Iczer

SQLite - mark first file in the folder

5 posts in this topic

basically i need mark (set Mark_U1 = 5) first image file in the folder if this folder dose not contain any archives.

but it seems i cannot figure out right query for it:

Global $sSqlBuild_indexTable = '(ItemHash PRIMARY KEY,FullFilePath,FilePath,FileName,Extention,Mark_U1 INTEGER,Mark_U2 INTEGER)'
Global $sSqlFill_indexTable = '(ItemHash,FullFilePath,FilePath,FileName,Extention,Mark_U1,Mark_U2)'


_SQLite_Exec($hDB, "BEGIN TRANSACTION;UPDATE DataBase SET Mark_U1 = 0;COMMIT;" )


Local $sSQLquery1 = "UPDATE DataBase SET Mark_U1 = 3 WHERE  Extention LIKE 'jpeg' OR " & _
                                                                "Extention LIKE 'jpg' OR " & _
                                                                "Extention LIKE 'png' OR " & _
                                                                "Extention LIKE 'tiff' OR " & _
                                                                "Extention LIKE 'tif' OR " & _
                                                                "Extention LIKE 'gif' OR " & _
                                                                "Extention LIKE 'tga' OR " & _
                                                                "Extention LIKE 'bmp' OR " & _
                                                                "Extention LIKE 'pcx' OR " & _
                                                                "Extention LIKE 'jpe' OR " & _
                                                                "Extention LIKE 'jif' OR " & _
                                                                "Extention LIKE 'jfif' OR " & _
                                                                "Extention LIKE 'jfi' OR " & _
                                                                "Extention LIKE 'dib' OR " & _
                                                                "Extention LIKE 'tpic' AND Filepath NOT IN (SELECT Filepath FROM DataBase t2 WHERE t2.Filepath = DataBase.Filepath AND (" & _
                                                                                            "Extention LIKE 'zip' OR " & _
                                                                                            "Extention LIKE 'lha' OR " & _
                                                                                            "Extention LIKE 'lzh' OR " & _
                                                                                            "Extention LIKE 'rar' OR " & _
                                                                                            "Extention LIKE '7z'));"

Local $sSQLquery2 = "UPDATE DataBase SET Mark_U1 = 5 WHERE Mark_U1 = 3 AND FullFilePath = (SELECT FullFilePath FROM DataBase t2 WHERE t2.FilePath = DataBase.FilePath ORDER BY FileName ASC LIMIT 1);"





_SQLite_Exec($hDB, "BEGIN TRANSACTION;"&$sSQLquery1&";COMMIT;" )
_SQLite_Exec($hDB, "BEGIN TRANSACTION;"&$sSQLquery2&";COMMIT;" )

 

first query set Mark_U1 = 3 even if there a archives in the folder and it very time consuming...

 

Share this post


Link to post
Share on other sites



#2 ·  Posted (edited)

_SQLite_Exec($hDB, "BEGIN TRANSACTION;UPDATE DataBase SET Mark_U1 = 0;COMMIT;" )

This first update is a single statement, hence it doesn't need being wrapped inside an explicit transaction (this is the autocommit mode) :

_SQLite_Exec($hDB, "UPDATE DataBase SET Mark_U1 = 0" )

In the second update (used to set MARK_U1 = 3) you need parenthesis around the OR block.
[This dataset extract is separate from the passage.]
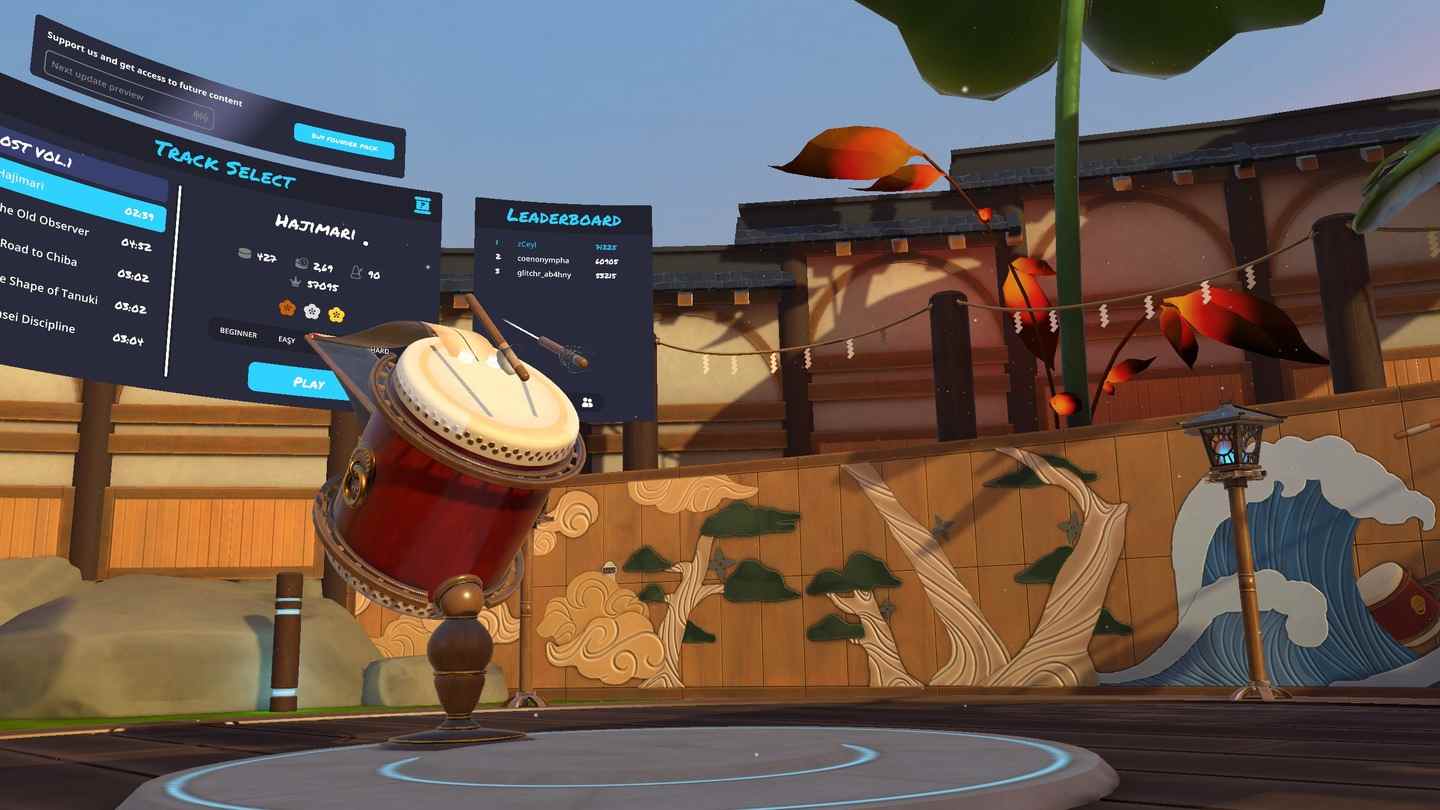 Oculus Quest 游戏《太鼓狂潮》Taiko Frenzy Taiko Frenzy VR Oculus Meta Quest all-in-one musical game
As it stands, the AND condition is only tied to Extention LIKE 'tpic', which isn't what you clearly intend.

The you can make your update much simpler. First, use datatypes in your schema and make the extension case-insensitive:

Create table Files (
    ItemHash text PRIMARY KEY,   -- if you store the hash as binary, declare it as BLOB instead
    FullFilePath text collate nocase,   -- this column is redondant, being the same as FilePath || '\' || FileName || '.' || Extention
    FilePath text collate nocase,
    FileName text collate nocase,
    Extention text collate nocase,
    Mark_U1 INTEGER,
    Mark_U2 INTEGER
)

Then create an index to speed up the subquery:

create index ixExtPath on database (extention, filepath)  -- collate nocase is implied from table DDL

The query could then be:

UPDATE DataBase
SET
   Mark_U1 = 3
WHERE
     Extention in ('jpeg','jpg', 'png', 'tiff', 'tif', 'gif', 'tga', 'bmp', 'pcx', 'jpe', 'jif', 'jfif', 'jfi', 'dib', 'tpic')
     AND
     Filepath NOT IN (
              SELECT
                    Filepath
              FROM DataBase t2
              WHERE
                   t2.Filepath = DataBase.Filepath
                   AND
                   Extention in ('zip', 'lha', 'lzh', 'rar', '7z')                   
     )
)

The condition can be simplified (without speed gain):

UPDATE DataBase
SET
   Mark_U1 = 3
WHERE
     Extention in ('jpeg','jpg', 'png', 'tiff', 'tif', 'gif', 'tga', 'bmp', 'pcx', 'jpe', 'jif', 'jfif', 'jfi', 'dib', 'tpic')
     AND
     not exists (
              SELECT
                    1
              FROM DataBase t2
              WHERE
                   t2.Filepath = DataBase.Filepath
                   AND
                   Extention in ('zip', 'lha', 'lzh', 'rar', '7z')                   
     )
)

Note that you can instead set MAR_U1 dynamically at insert/update/delete time by using triggers.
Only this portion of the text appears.